▸ Input for this task
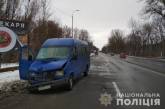 В Чернигове пенсионер попал под две маршрутки и погиб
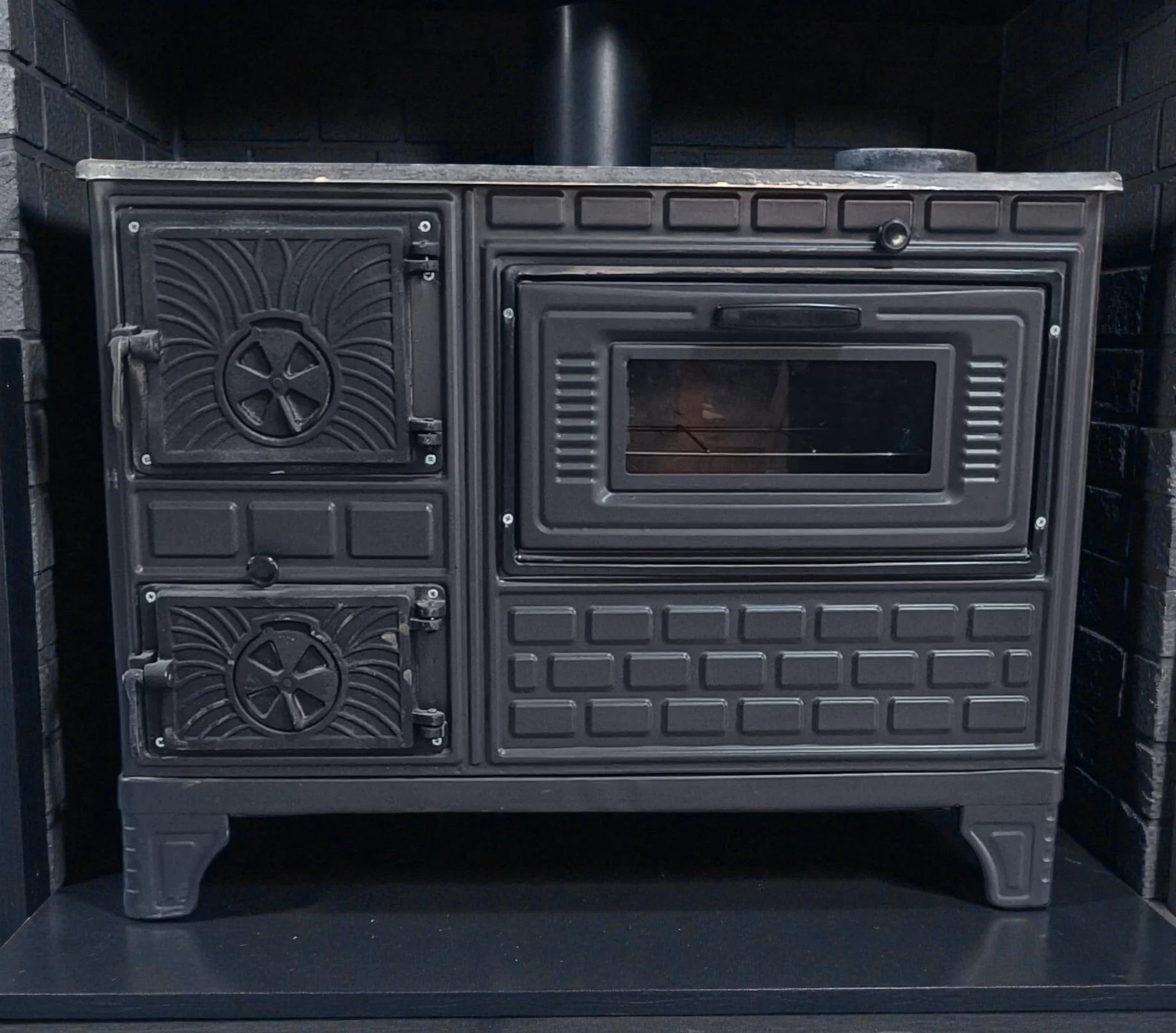 40cm Steel Stove with Cast Iron Combustion Chamber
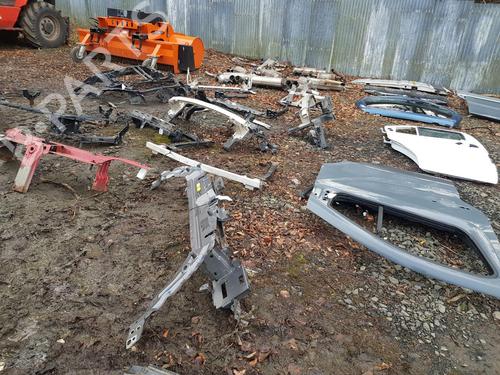 Front bumper reinforcement LAND ROVER DISCOVERY SPORT (L550) 2.0 D 4x4 | BP30713798C109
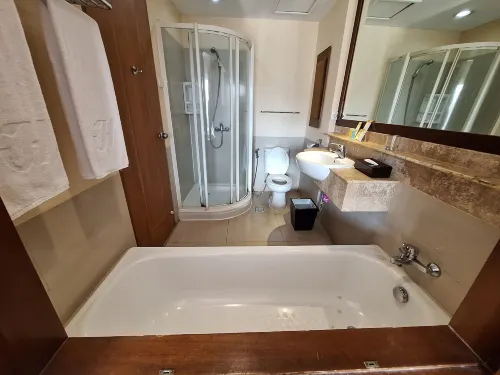 The Jayakarta Suites Bandung Kamar Photos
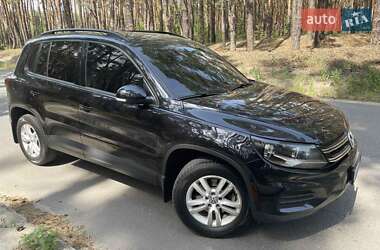 Внедорожник / Кроссовер Volkswagen Tiguan 2017 в Харькове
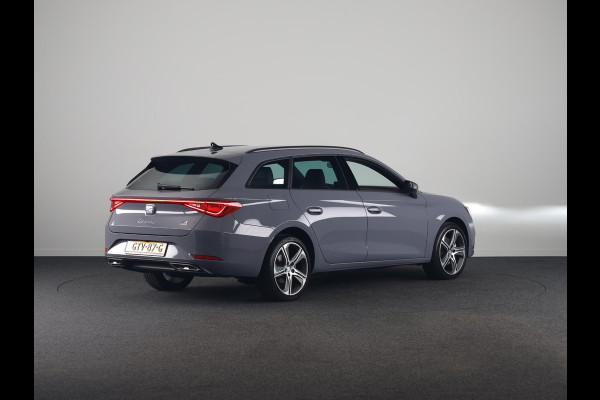 Seat Leon Sportstourer 1.5 TSI e-Hybrid FR PHEV First Edition 204 pk Automaat | Verlengde garantie | Navigatie | Parkeersensoren | Achteruitrijcamera | Autom. airco (3 zones) |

▸ Work item
Leave the images aside and return the records above exactly as written.

▸ Worked solution
 В Чернигове пенсионер попал под две маршрутки и погиб
 40cm Steel Stove with Cast Iron Combustion Chamber
 Front bumper reinforcement LAND ROVER DISCOVERY SPORT (L550) 2.0 D 4x4 | BP30713798C109
 The Jayakarta Suites Bandung Kamar Photos
 Внедорожник / Кроссовер Volkswagen Tiguan 2017 в Харькове
 Seat Leon Sportstourer 1.5 TSI e-Hybrid FR PHEV First Edition 204 pk Automaat | Verlengde garantie | Navigatie | Parkeersensoren | Achteruitrijcamera | Autom. airco (3 zones) |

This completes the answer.